Pour le postnatal immédiat, il est conseillé de rester un maximum couchée puis semi-assise, et le fait d’allaiter permet de ne pas avoir à se lever, on peut d’ailleurs allaiter couchée. Les hormones sécrétées lors de l’allaitement favorisent aussi l’endormissement après la tétée et un sommeil plus réparateur pour la mère.
L’allaitement commence par le fait que la mère soit bien nourrie, par les aliments et boissons mais aussi par le repos, le respect de ses besoins, qu’on prenne soin d’elle. C’est important d’avoir du soutien autour pour que l’allaitement puisse bien se dérouler.

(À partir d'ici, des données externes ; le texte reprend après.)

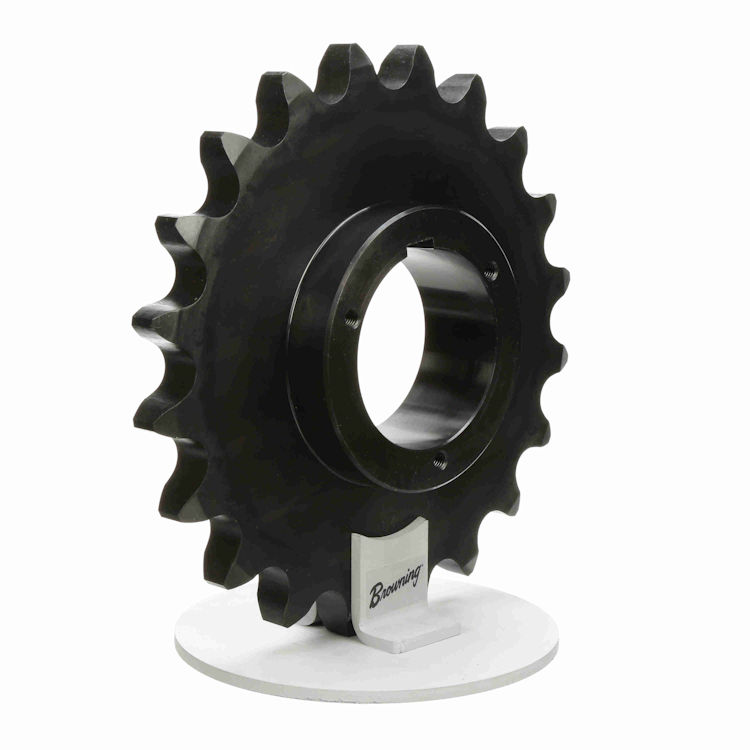 B83SV91655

On peut favoriser le bon déroulement d’un allaitement pour la mère et le bébé en se renseignant dès la grossesse pour connaître ce qui facilite ou complique un allaitement, pour avoir des personnes ressources en cas de besoin, et pour se sentir en confiance sur ses propres capacités à allaiter. Il est aussi important que le partenaire soit présent et soutenant, notamment en nourrissant la mère mais aussi avec des paroles d’encouragement si elle doute, des câlins si elle en a besoin, du soutien si elle reçoit des injonctions ou critiques.
Allaiter n’est pas mieux, c’est normal, c’est-à-dire que c’est la norme pour les humains. Il présente de nombreux bénéfices, que ce soit dans les sphères nutritionnelles, physiques ou émotionnelles, pour la famille au complet. Mais nourrir son bébé ne se fait pas obligatoirement par ce biais, et si l’aliment est un lait maternisé on peut aussi remplir tous ses besoins affectifs en étant conscients de leur existence. Allaiter devrait être un moment agréable pour la mère, qu’elle se sente bien, pour pouvoir prendre soin de son bébé.